▸ **Description of the task**: Each record should be reproduced exactly.

▸ **Material shown**:
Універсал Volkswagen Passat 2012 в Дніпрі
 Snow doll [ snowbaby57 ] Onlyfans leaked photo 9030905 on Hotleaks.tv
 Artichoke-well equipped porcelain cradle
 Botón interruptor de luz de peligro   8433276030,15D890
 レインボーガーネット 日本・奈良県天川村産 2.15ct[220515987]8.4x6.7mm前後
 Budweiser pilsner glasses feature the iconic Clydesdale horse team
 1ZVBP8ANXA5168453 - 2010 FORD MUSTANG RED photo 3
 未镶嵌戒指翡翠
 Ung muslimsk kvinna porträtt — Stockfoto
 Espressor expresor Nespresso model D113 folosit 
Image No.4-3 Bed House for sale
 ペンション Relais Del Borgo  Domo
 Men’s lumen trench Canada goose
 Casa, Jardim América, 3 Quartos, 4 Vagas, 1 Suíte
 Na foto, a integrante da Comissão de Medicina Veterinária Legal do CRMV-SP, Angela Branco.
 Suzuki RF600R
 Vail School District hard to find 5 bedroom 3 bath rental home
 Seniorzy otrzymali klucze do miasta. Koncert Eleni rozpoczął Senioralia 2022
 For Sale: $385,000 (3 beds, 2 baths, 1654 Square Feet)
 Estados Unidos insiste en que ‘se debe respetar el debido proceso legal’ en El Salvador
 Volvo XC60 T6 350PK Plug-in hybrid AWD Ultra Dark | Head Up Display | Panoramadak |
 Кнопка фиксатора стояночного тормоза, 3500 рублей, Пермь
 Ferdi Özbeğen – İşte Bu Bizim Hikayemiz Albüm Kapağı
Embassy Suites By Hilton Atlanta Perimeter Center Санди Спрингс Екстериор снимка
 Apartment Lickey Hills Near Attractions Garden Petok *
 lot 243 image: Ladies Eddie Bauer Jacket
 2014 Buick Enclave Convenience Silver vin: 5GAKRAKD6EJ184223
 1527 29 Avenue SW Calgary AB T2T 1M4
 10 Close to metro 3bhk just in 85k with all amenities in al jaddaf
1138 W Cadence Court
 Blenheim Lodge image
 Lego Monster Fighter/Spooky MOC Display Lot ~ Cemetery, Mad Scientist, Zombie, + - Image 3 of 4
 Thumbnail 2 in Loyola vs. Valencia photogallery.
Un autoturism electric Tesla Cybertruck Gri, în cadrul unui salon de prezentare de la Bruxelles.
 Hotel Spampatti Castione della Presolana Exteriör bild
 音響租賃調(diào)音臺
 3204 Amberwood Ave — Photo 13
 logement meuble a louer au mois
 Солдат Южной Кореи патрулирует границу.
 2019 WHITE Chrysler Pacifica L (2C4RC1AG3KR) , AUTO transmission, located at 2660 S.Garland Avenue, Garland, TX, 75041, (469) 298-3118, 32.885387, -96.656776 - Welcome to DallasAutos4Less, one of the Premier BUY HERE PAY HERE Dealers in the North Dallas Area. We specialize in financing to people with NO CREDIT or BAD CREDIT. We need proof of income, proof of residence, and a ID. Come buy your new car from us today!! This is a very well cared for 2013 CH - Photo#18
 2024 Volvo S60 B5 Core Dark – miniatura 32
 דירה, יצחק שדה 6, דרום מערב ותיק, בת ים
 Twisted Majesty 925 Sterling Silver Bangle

▸ **Answer**:
Універсал Volkswagen Passat 2012 в Дніпрі
 Snow doll [ snowbaby57 ] Onlyfans leaked photo 9030905 on Hotleaks.tv
 Artichoke-well equipped porcelain cradle
 Botón interruptor de luz de peligro   8433276030,15D890
 レインボーガーネット 日本・奈良県天川村産 2.15ct[220515987]8.4x6.7mm前後
 Budweiser pilsner glasses feature the iconic Clydesdale horse team
 1ZVBP8ANXA5168453 - 2010 FORD MUSTANG RED photo 3
 未镶嵌戒指翡翠
 Ung muslimsk kvinna porträtt — Stockfoto
 Espressor expresor Nespresso model D113 folosit 
Image No.4-3 Bed House for sale
 ペンション Relais Del Borgo  Domo
 Men’s lumen trench Canada goose
 Casa, Jardim América, 3 Quartos, 4 Vagas, 1 Suíte
 Na foto, a integrante da Comissão de Medicina Veterinária Legal do CRMV-SP, Angela Branco.
 Suzuki RF600R
 Vail School District hard to find 5 bedroom 3 bath rental home
 Seniorzy otrzymali klucze do miasta. Koncert Eleni rozpoczął Senioralia 2022
 For Sale: $385,000 (3 beds, 2 baths, 1654 Square Feet)
 Estados Unidos insiste en que ‘se debe respetar el debido proceso legal’ en El Salvador
 Volvo XC60 T6 350PK Plug-in hybrid AWD Ultra Dark | Head Up Display | Panoramadak |
 Кнопка фиксатора стояночного тормоза, 3500 рублей, Пермь
 Ferdi Özbeğen – İşte Bu Bizim Hikayemiz Albüm Kapağı
Embassy Suites By Hilton Atlanta Perimeter Center Санди Спрингс Екстериор снимка
 Apartment Lickey Hills Near Attractions Garden Petok *
 lot 243 image: Ladies Eddie Bauer Jacket
 2014 Buick Enclave Convenience Silver vin: 5GAKRAKD6EJ184223
 1527 29 Avenue SW Calgary AB T2T 1M4
 10 Close to metro 3bhk just in 85k with all amenities in al jaddaf
1138 W Cadence Court
 Blenheim Lodge image
 Lego Monster Fighter/Spooky MOC Display Lot ~ Cemetery, Mad Scientist, Zombie, + - Image 3 of 4
 Thumbnail 2 in Loyola vs. Valencia photogallery.
Un autoturism electric Tesla Cybertruck Gri, în cadrul unui salon de prezentare de la Bruxelles.
 Hotel Spampatti Castione della Presolana Exteriör bild
 音響租賃調(diào)音臺
 3204 Amberwood Ave — Photo 13
 logement meuble a louer au mois
 Солдат Южной Кореи патрулирует границу.
 2019 WHITE Chrysler Pacifica L (2C4RC1AG3KR) , AUTO transmission, located at 2660 S.Garland Avenue, Garland, TX, 75041, (469) 298-3118, 32.885387, -96.656776 - Welcome to DallasAutos4Less, one of the Premier BUY HERE PAY HERE Dealers in the North Dallas Area. We specialize in financing to people with NO CREDIT or BAD CREDIT. We need proof of income, proof of residence, and a ID. Come buy your new car from us today!! This is a very well cared for 2013 CH - Photo#18
 2024 Volvo S60 B5 Core Dark – miniatura 32
 דירה, יצחק שדה 6, דרום מערב ותיק, בת ים
 Twisted Majesty 925 Sterling Silver Bangle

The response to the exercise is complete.